I have read in an XML email attachment with
bytes_string=part.get_payload(decode=False)
The payload comes in as a byte string, as my variable name suggests.
I am trying to use the recommended Python 3 approach to turn this string into a usable string that I can manipulate.
The example shows:
str(b'abc','utf-8')
How can I apply the b
(bytes) keyword argument to my variable bytes_string
and use the recommended approach?
The way I tried doesn't work:
str(bbytes_string, 'utf-8')
You had it nearly right in the last line. You want
str(bytes_string, 'utf-8')
because the type of bytes_string
is bytes
, the same as the type of b'abc'
.
Call decode()
on a bytes
instance to get the text which it encodes.
str = bytes.decode()
UPDATED:
TO NOT HAVE ANY b
and quotes at first and end
As your code may have unrecognizable characters to 'utf-8'
encoding,
it's better to use just str without any additional parameters:
bad_bytes = b'\x02-\xdfI#)'
text = str( bad_bytes )[2:-1]
if you add 'utf-8'
parameter, to these specific bytes, you should receive error.
As PYTHON 3 standard says, text
would be in utf-8 now with no concern.
How to filter (skip) non-UTF8 charachers from array?
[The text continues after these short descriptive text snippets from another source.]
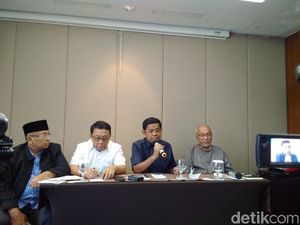 Mensos Pastikan Bantuan Pengungsi Gunung Agung Aman Mensos Pastikan Bantuan Pengungsi Gunung Agung Aman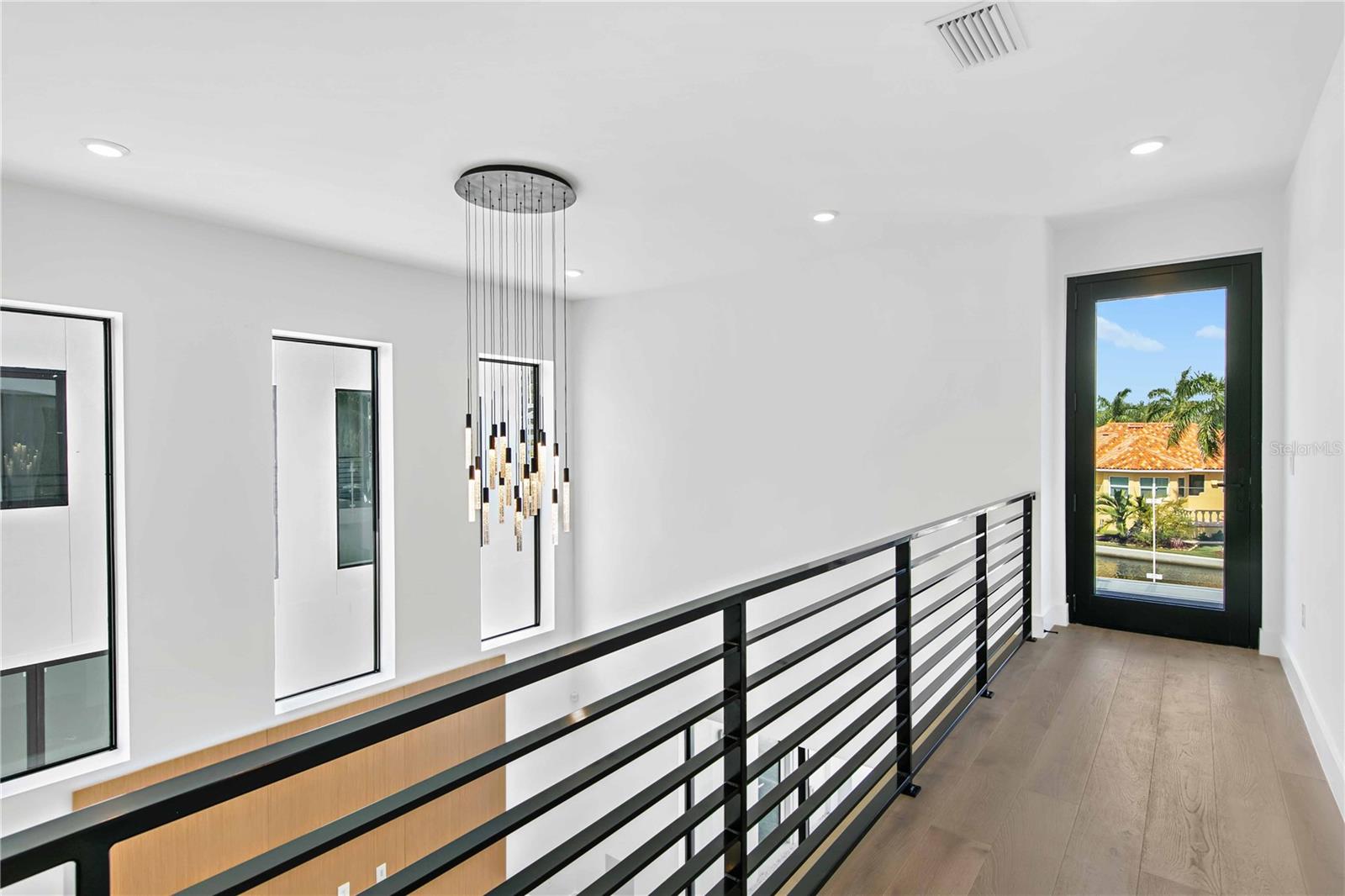 SARASOTA BEACH - Residential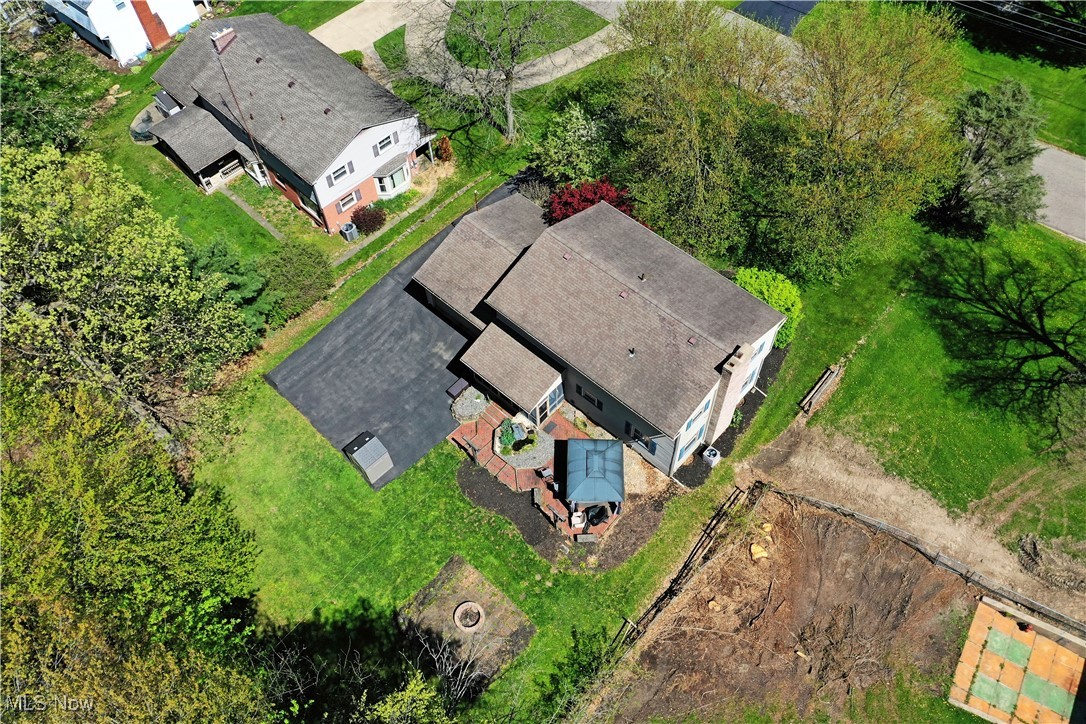 8676 Squirrel Hill Drive, Warren, Ohio image 50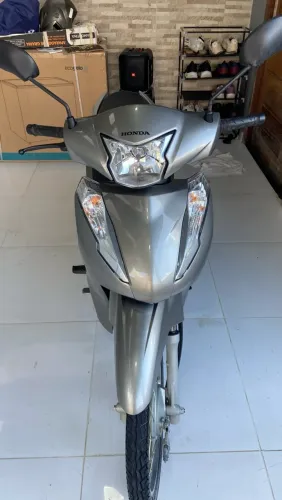 Biz com apenas 7500km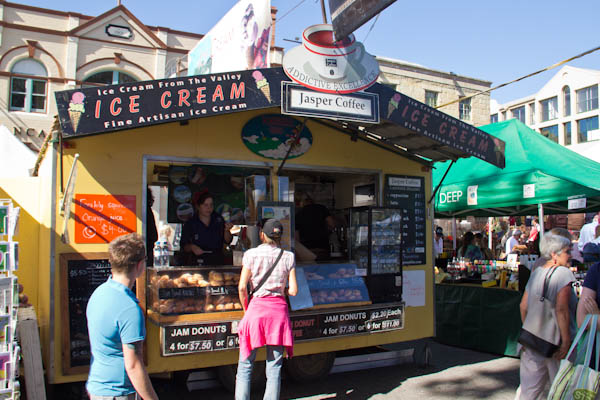 Frisch gebrauter Kaffee und Frühstück am Salamanca Markt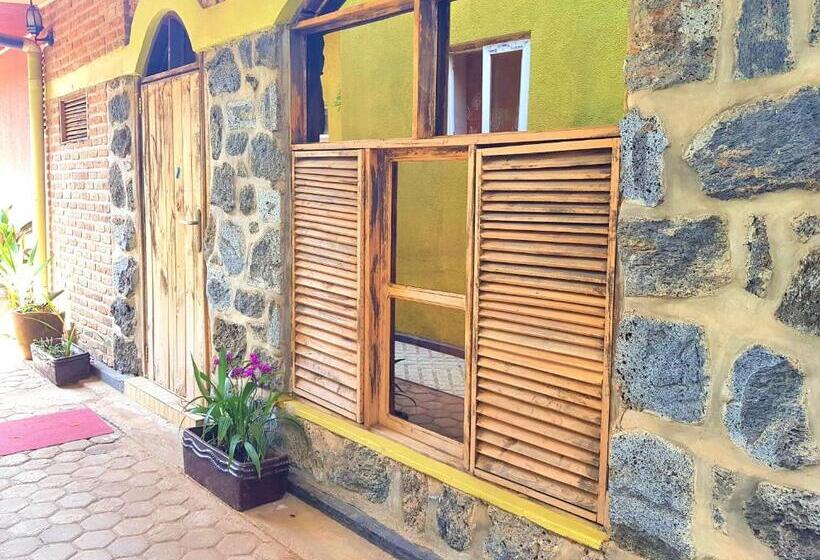 اتاق خانوادگی, Yambi Guest House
To address this comment in @uname01's post and the OP, ignore the errors:
Code
>>> b'\x80abc'.decode("utf-8", errors="ignore")
'abc'
Details
From the docs, here are more examples using the same errors
parameter:
>>> b'\x80abc'.decode("utf-8", "replace")
'\ufffdabc'
>>> b'\x80abc'.decode("utf-8", "backslashreplace")
'\\x80abc'
>>> b'\x80abc'.decode("utf-8", "strict")
Traceback (most recent call last):
...
UnicodeDecodeError: 'utf-8' codec can't decode byte 0x80 in position 0:
invalid start byte
The errors argument specifies the response when the input string can’t be converted according to the encoding’s rules. Legal values for this argument are 'strict'
(raise a UnicodeDecodeError
exception), 'replace'
(use U+FFFD
, REPLACEMENT CHARACTER
), or 'ignore'
(just leave the character out of the Unicode result).